Bernhardt Patrick John O’Mara Bockris (5 January 1923 – 7 July 2013)[1] was a South African professor of chemistry, latterly at Texas A&M University. During his long and prolific career he published some 700 papers and two dozen books. His best known work is in electrochemistry[2][3] but his output also extended to environmental chemistry, photoelectrochemistry and bioelectrochemistry. In the 1990s he experimented with cold fusion and transmutation, topics on which his unorthodox views provoked controversy.

Early life[edit]

John Bockris was born on 5 January 1923, in Johannesburg, South Africa. His mother was Emmeline Mary MacNally and his father Alfred Bockris. He attended a sequence of schools in Brighton, including the preparatory school Withdean Hall from 1934 to 1937, and Xaverian College, a Catholic secondary school, from 1937 to 1940. His father was not present during his childhood: His mother and aunt earned their income from tailoring.[1]

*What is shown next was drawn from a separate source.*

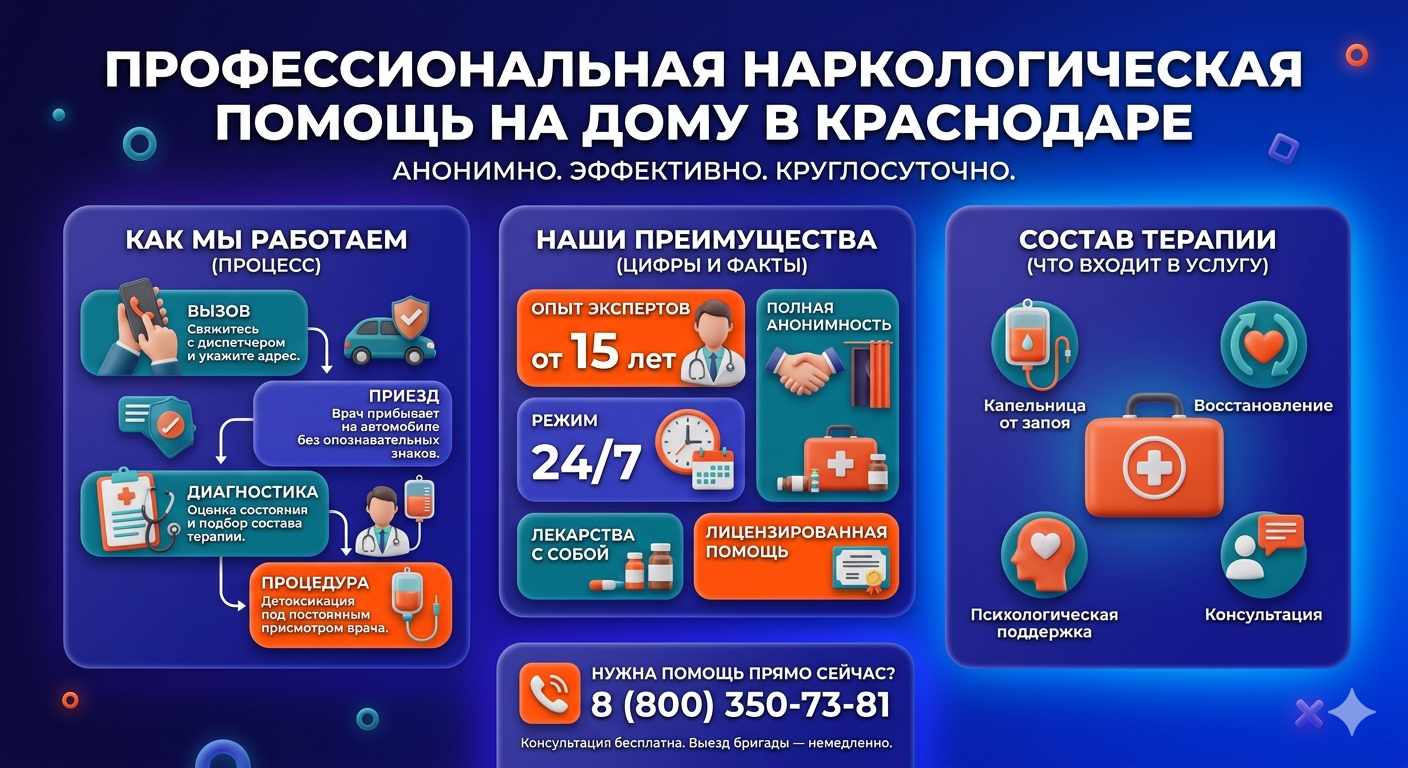 Инфографика о принципах лечения алкоголизма на дому в Брянке: этапы вызова нарколога, преимущества анонимной детоксикации и состав медицинской помощи.
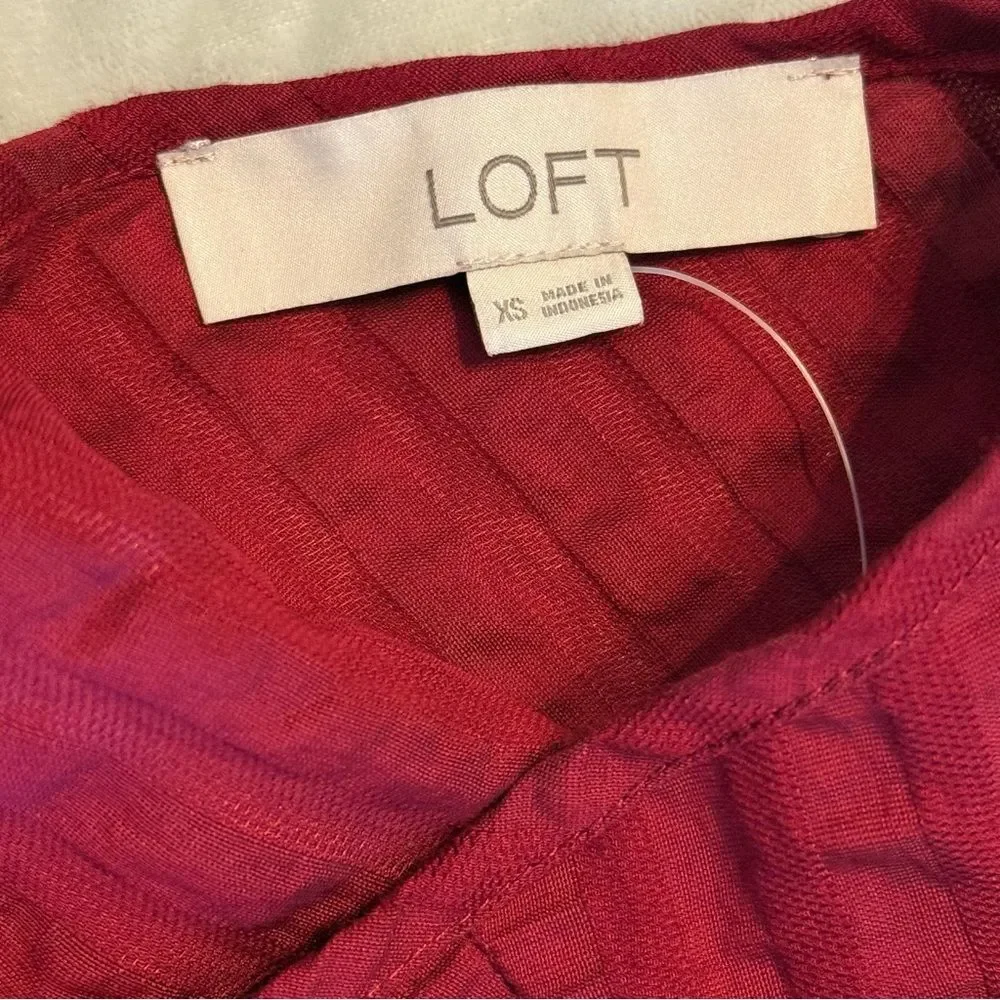 Loft striped wrap cropped v back elegant top puff sleeve casual blouse XS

University education[edit]

In 1940 Bockris began his scholarly education at Brighton Technical College, which after World War II became Brighton University. Bockris wanted to study for a degree in Physics but this was not possible due to wartime staff shortages. Instead he took a two-year general degree in the natural sciences. In 1943, after a year of further study, he was accepted by Imperial College, London as a graduate student. He avoided conscription into the British armed forces due to his South African nationality.[1]

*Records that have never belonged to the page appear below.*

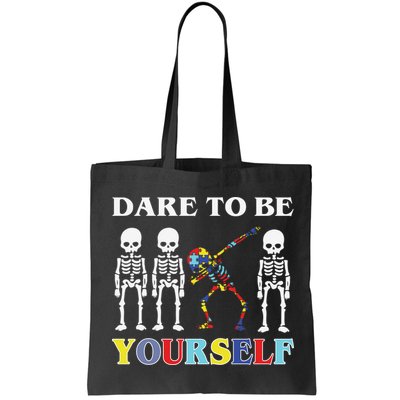Dare To Be Yourself Autism Awareness Skeleton Bag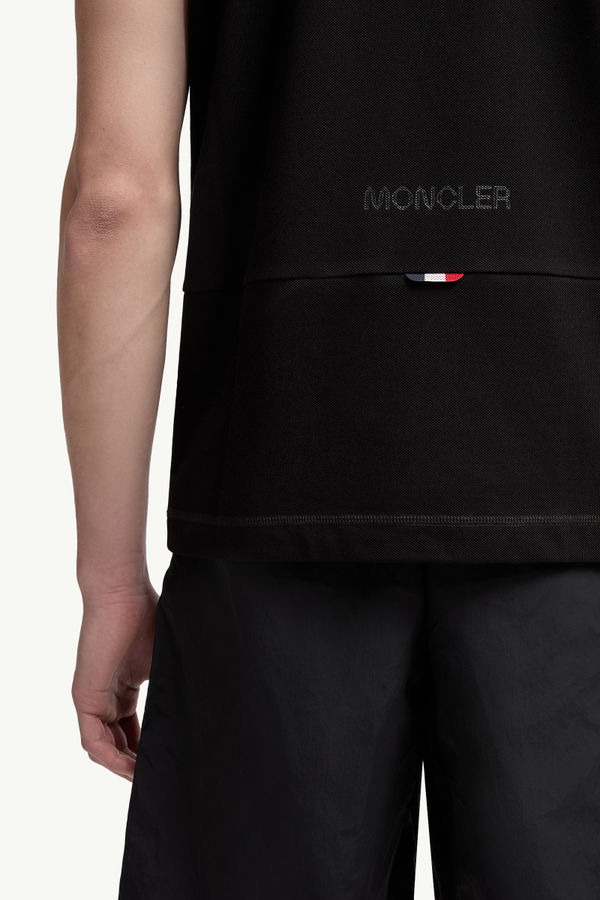 Polo en piqué de coton à empiècement logo Hommes Noir Moncler 5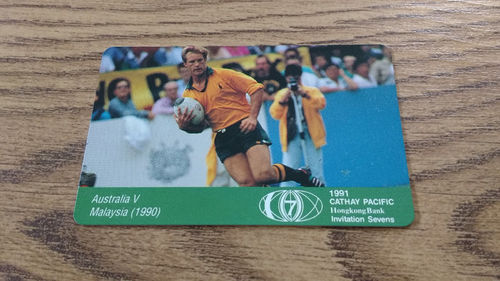 Hong Kong Telecom HK Rugby Sevens 1991 10 Units Used Phonecard - Australia v Malaysia 1990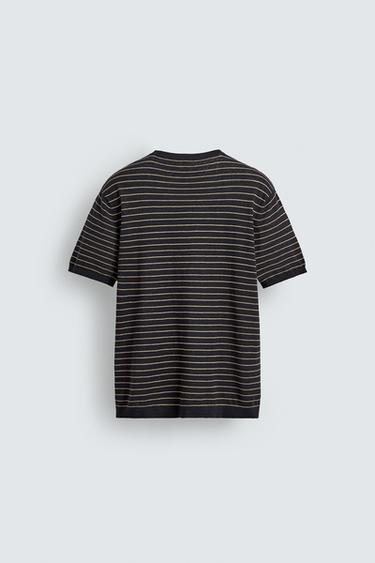 T-SHIRT EN MAILLE LIN ET COTON À RAYURES - Bleu marine de Zara - Image 7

Bockris relates that his supervisor, Harold Ellingham, provided minimal guidance and soon left the university altogether.[4] Despite these obstacles, Bockris finished the research for his thesis, Electrochemistry of Non-aqueous Solutions, in two years, and received his doctorate in September 1945.[5]

Academic career[edit]

Upon completion of his doctorate, at the age of 22, Bockris was immediately appointed to the faculty of Imperial College on the recommendation of Harry Emeléus. Over the course of the next eight years he supervised 28 graduate students with whom he co-authored a sufficient number of publications to qualify for his D.Sc., which he obtained in 1952. Among these students was Roger Parsons, a future fellow of the Royal Society, whom Bockris held in high regard.[4]

Bockris moved to USA in 1953 to join the University of Pennsylvania as Professor of Chemistry, where he built a large and active research group. It was here that he published his best known work: the first model of the electrode-electrolyte surface to include the dipole moment of the solvent,[2] and his two-volume textbook Modern Electrochemistry.[3] After 18 years in Philadelphia, however, departmental politics became such that Bockris felt the need to move.[1][4] During next appointment, at Flinders University of South Australia from 1971 onwards, his interests broadened to include photoelectrochemistry and environmental chemistry. In 1979 Bockris made his final move to Texas A&M University where he remained until his retirement in 1997. In his later years his research focus veered further toward sources of energy and he embraced positions on some controversial topics that acquired a certain celebrity but damaged his professional reputation.[1]

Electrode kinetics remained a major component of his research program throughout. Bockris also conducted investigations of high temperature chemistry, the determinants of electrolyte solubility, and hydrogen/metal interactions.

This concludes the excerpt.